This documentation is for an unreleased version of Apache Paimon. We recommend you use the latest stable version.
Data Types
Data Types #
A data type describes the logical type of a value in the table ecosystem. It can be used to declare input and/or output types of operations.
All data types supported by Paimon are as follows:
DataType | Description |
---|---|
BOOLEAN |
Data type of a boolean with a (possibly) three-valued logic of TRUE, FALSE, and UNKNOWN. |
CHAR CHAR(n)
|
Data type of a fixed-length character string. The type can be declared using CHAR(n) where n is the number of code points. n must have a value between 1 and 2,147,483,647 (both inclusive). If no length is specified, n is equal to 1.
|
VARCHAR VARCHAR(n) STRING
|
Data type of a variable-length character string. The type can be declared using VARCHAR(n) where n is the maximum number of code points. n must have a value between 1 and 2,147,483,647 (both inclusive). If no length is specified, n is equal to 1. STRING is a synonym for VARCHAR(2147483647).
|
BINARY BINARY(n) |
Data type of a fixed-length binary string (=a sequence of bytes). The type can be declared using BINARY(n) where n is the number of bytes. n must have a value between 1 and 2,147,483,647 (both inclusive). If no length is specified, n is equal to 1.
|
VARBINARY VARBINARY(n) BYTES
|
Data type of a variable-length binary string (=a sequence of bytes). The type can be declared using VARBINARY(n) where n is the maximum number of bytes. n must have a value between 1 and 2,147,483,647 (both inclusive). If no length is specified, n is equal to 1. BYTES is a synonym for VARBINARY(2147483647).
|
DECIMAL DECIMAL(p) DECIMAL(p, s)
|
Data type of a decimal number with fixed precision and scale. The type can be declared using DECIMAL(p, s) where p is the number of digits in a number (precision) and s is the number of digits to the right of the decimal point in a number (scale). p must have a value between 1 and 38 (both inclusive). s must have a value between 0 and p (both inclusive). The default value for p is 10. The default value for s is 0.
|
TINYINT |
Data type of a 1-byte signed integer with values from -128 to 127. |
SMALLINT |
Data type of a 2-byte signed integer with values from -32,768 to 32,767. |
INT |
Data type of a 4-byte signed integer with values from -2,147,483,648 to 2,147,483,647. |
BIGINT |
Data type of an 8-byte signed integer with values from -9,223,372,036,854,775,808 to 9,223,372,036,854,775,807. |
FLOAT |
Data type of a 4-byte single precision floating point number.

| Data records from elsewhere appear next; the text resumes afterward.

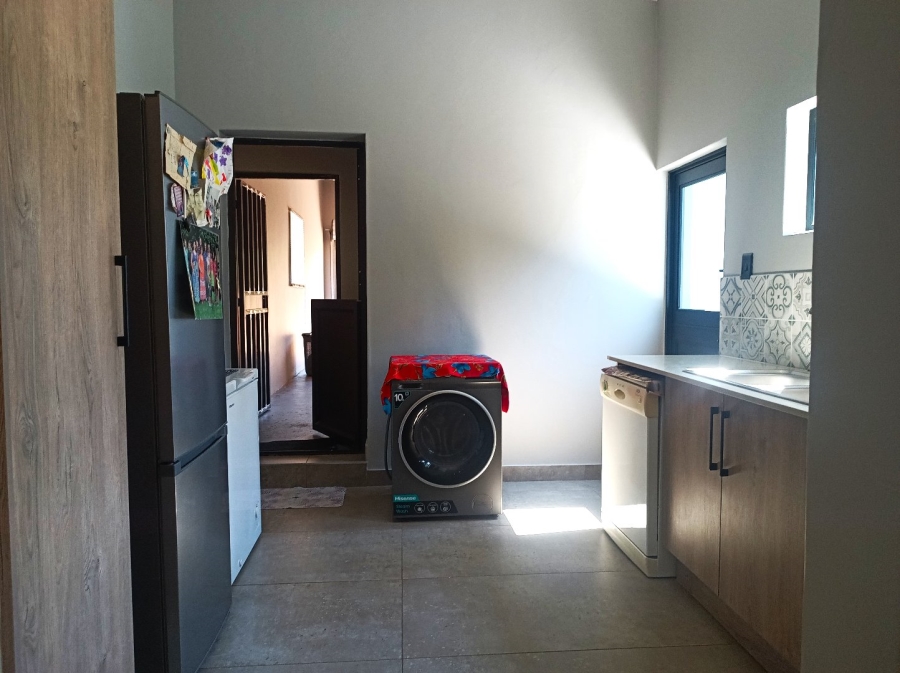 Commercial Property for Sale in Kameelfontein Gauteng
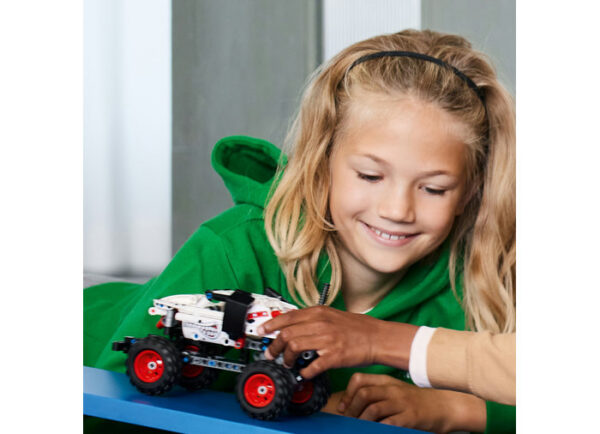 42150-lego-technic-4 LEGO Technic - Monster Jam Monster Mutt Dalmatian 42150, 244 piese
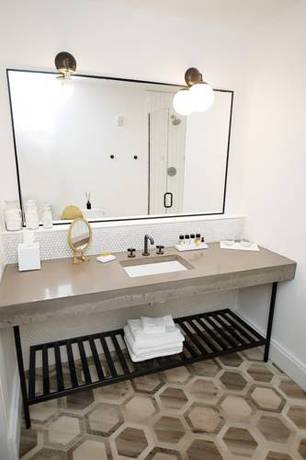 Imagen de la habitación del Hotel Covington Cincinnati Riverfront. Foto 6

Compared to the SQL standard, the type does not take parameters.
|
DOUBLE |
Data type of an 8-byte double precision floating point number. |
DATE |
Data type of a date consisting of year-month-day with values ranging from 0000-01-01 to 9999-12-31. Compared to the SQL standard, the range starts at year 0000.
|
TIME TIME(p)
|
Data type of a time without time zone consisting of hour:minute:second[.fractional] with up to nanosecond precision and values ranging from 00:00:00.000000000 to 23:59:59.999999999. The type can be declared using TIME(p) where p is the number of digits of fractional seconds (precision). p must have a value between 0 and 9 (both inclusive). If no precision is specified, p is equal to 0.
|
TIMESTAMP TIMESTAMP(p)
|
Data type of a timestamp without time zone consisting of year-month-day hour:minute:second[.fractional] with up to nanosecond precision and values ranging from 0000-01-01 00:00:00.000000000 to 9999-12-31 23:59:59.999999999. The type can be declared using TIMESTAMP(p) where p is the number of digits of fractional seconds (precision). p must have a value between 0 and 9 (both inclusive). If no precision is specified, p is equal to 6.
|
TIMESTAMP WITH TIME ZONE TIMESTAMP(p) WITH TIME ZONE
|
Data type of a timestamp with time zone consisting of year-month-day hour:minute:second[.fractional] zone with up to nanosecond precision and values ranging from 0000-01-01 00:00:00.000000000 +14:59 to 9999-12-31 23:59:59.999999999 -14:59. This type fills the gap between time zone free and time zone mandatory timestamp types by allowing the interpretation of UTC timestamps according to the configured session time zone. A conversion from and to int describes the number of seconds since epoch. A conversion from and to long describes the number of milliseconds since epoch.
|
ARRAY<t> |
Data type of an array of elements with same subtype. Compared to the SQL standard, the maximum cardinality of an array cannot be specified but is fixed at 2,147,483,647. Also, any valid type is supported as a subtype. The type can be declared using ARRAY<t> where t is the data type of the contained elements.
|
MAP<kt, vt> |
Data type of an associative array that maps keys (including NULL) to values (including NULL). A map cannot contain duplicate keys; each key can map to at most one value. There is no restriction of element types; it is the responsibility of the user to ensure uniqueness. The type can be declared using MAP<kt, vt> where kt is the data type of the key elements and vt is the data type of the value elements.
|
MULTISET<t> |
Data type of a multiset (=bag). Unlike a set, it allows for multiple instances for each of its elements with a common subtype. Each unique value (including NULL) is mapped to some multiplicity. There is no restriction of element types; it is the responsibility of the user to ensure uniqueness. The type can be declared using MULTISET<t> where t is the data type of the contained elements.
|
ROW<n0 t0, n1 t1, ...> ROW<n0 t0 'd0', n1 t1 'd1', ...>
|
Data type of a sequence of fields. A field consists of a field name, field type, and an optional description. The most specific type of a row of a table is a row type. In this case, each column of the row corresponds to the field of the row type that has the same ordinal position as the column. Compared to the SQL standard, an optional field description simplifies the handling with complex structures. A row type is similar to the STRUCT type known from other non-standard-compliant frameworks. The type can be declared using ROW<n0 t0 'd0', n1 t1 'd1', ...> where n is the unique name of a field, t is the logical type of a field, d is the description of a field.
|